Parse output can be formated with `.as`, it will apply to the parser or group where inserted. `.as` will accept an output transformer function.

Output transformations can stack up.

## .join

`.join()` and `.join(«sep»)` are shortcuts for `.as(mappend)` and `.as(o=>o.join(«sep»))`

Parsers can group by nesting ex: `x.then( y.then(z).join() )`, here the `join` will only apply to the (y.z) results.

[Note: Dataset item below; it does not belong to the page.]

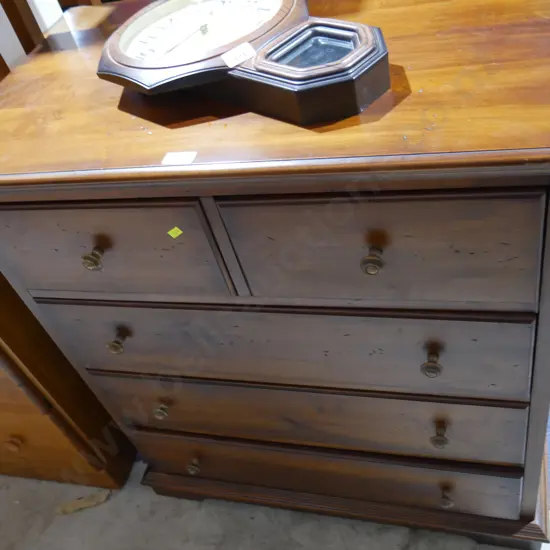 Chest of drawers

TODO: this (grouping) is not fully generalized yet

## .group

Put the result inside a list (same as `as(o=>[o])`)

## .verify

`.verify(func,msg)` function `func` will receive the parse group result (list) and should return `true` if approved or `false` to resume in error with message `msg`.

## .post

`.post(f)` post-processing the result, this is still a static parser definition. Function `f` return will replace the previous result.

## .failMsg

`.onFailMsg(msg)` provides a message for a failing parser

## .parse

`.parse("...")` can be used to quick feed a string to any parser.

The result will include both input and output state.

>ex: `digits.parse("123a")`

_use `parse` function to get only output_

all transformation definitions should be applyed to the parser and not to the result, so `.parse` should be the last item of the group.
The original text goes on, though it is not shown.